Can anybody explain how to set timing on the car? I live at about 5500 feet over sea level, in case that makes a difference.

Thanks,
Victor


supereal    -- 12-28-2011 @ 9:41 AM
  The timing is preset, and adjustable only with the slider on the side of the distributor, which will give a small change on either side of the central mark by moving the slider. Any other adjustments require a distributor machine to check dwell and advance retarding. In most cases, with today's gas, you can set the slider at full advance, and back off the retarding with the plunger adjustment. The advance is entirely mechanical, so if it isn't working properly, as seen when strobing the distributor, the weights may be sluggish or stuck, or the flat springs may be weak or broken. The altitude shouldn't affect the distributor, but does change the carb considerably. If your car ran OK before the distributor change, I'd look there.
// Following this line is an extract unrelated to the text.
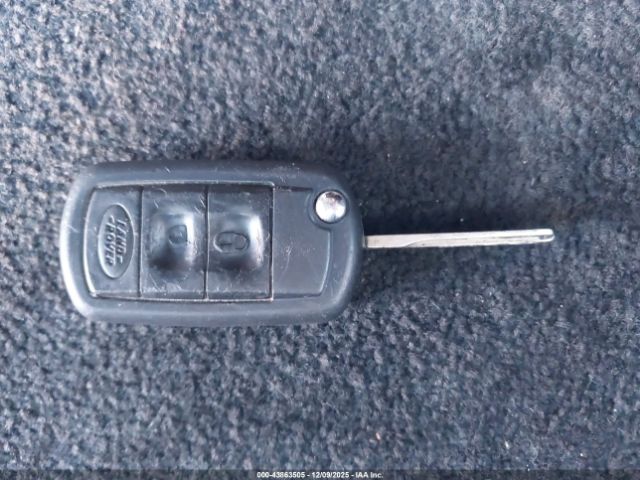 2009 LAND ROVER RANGE ROVER SALMF134X9A304277 Photo 10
Otherwise, you probably have a problem elsewhere.


TomO    -- 12-29-2011 @ 7:23 AM
  Did you have another distributor on the car or is this the first time that you have driven the car? If you had another, what year car was it from? The later distributors had more advance than the 36-40.

The timing is controlled by the break (right hand) set of points. As Supereal said, it is best to set up these distributors on a distributor machine. It is also a good idea to have someone that has done quite a few of them as they have some characteristics that are different from the other dual point and single point distributors. You can get an indication of the initial advance by using the vacuum gauge chart.
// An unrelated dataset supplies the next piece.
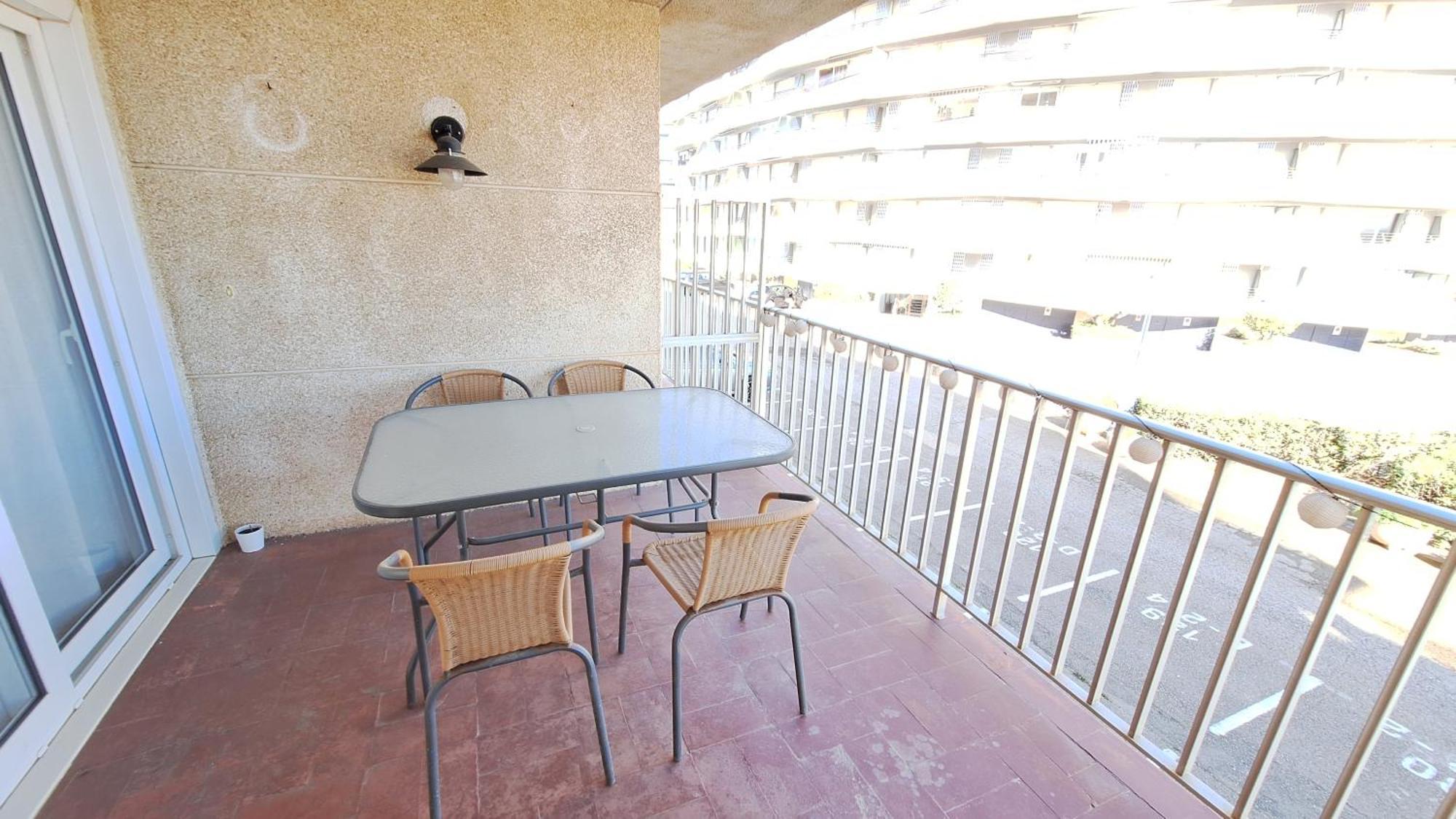 Rocamaura 1-1 Apartment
http://www.vanpeltsales.com/FH_web/flathead_servicelinks.htm

You can connect a dwell meter to the connection of the condenser to the distributor. With the engine idling you should have a steady 36 degrees of dwell and it should not change as the engine speed is increased. If it varies from this, have the distributor set up on a distributor machine.



Tom


supereal    -- 12-29-2011 @ 11:33 AM
  The tricky part of setting dwell on a machine is to anticipate the change in point gap as the locking screws are cinched. The slightest movement can throw the whole distributor adjustment off. Likewise, it is imperative that the point surfaces be exactly parallel. Many "off shore" points have poor springs, bad insulators, and are almost impossible to use.


ford38v8    -- 12-29-2011 @ 2:16 PM
  Victor, as TomO has pointed out, the 11A distributor has a superior advance curve. This diastributor can be identified by the 11A stamped on the drive tang. You may have had this distributor previously?

Alan


36 conv sedan    -- 01-08-2012 @ 12:33 PM
  Thank you all for your response. I've had some difficult time at work but will try to get to the Ford later in the week and check on the distributor. I did have a good working distributor but I believe it was a later one, with the 3 screw coil. I changed it for what I was told was the correct one for '36, but will try to confirm on numbers.

Thanks again,
victor


ken ct.    -- 01-10-2012 @ 9:15 AM
  The 3 screw coil dist is for the early 36,the 2screw coil dist with the screws katy-corner NOT straight across is late 36. the 2 screw coil dist with the screws straight across is 37-41 one. ken ct.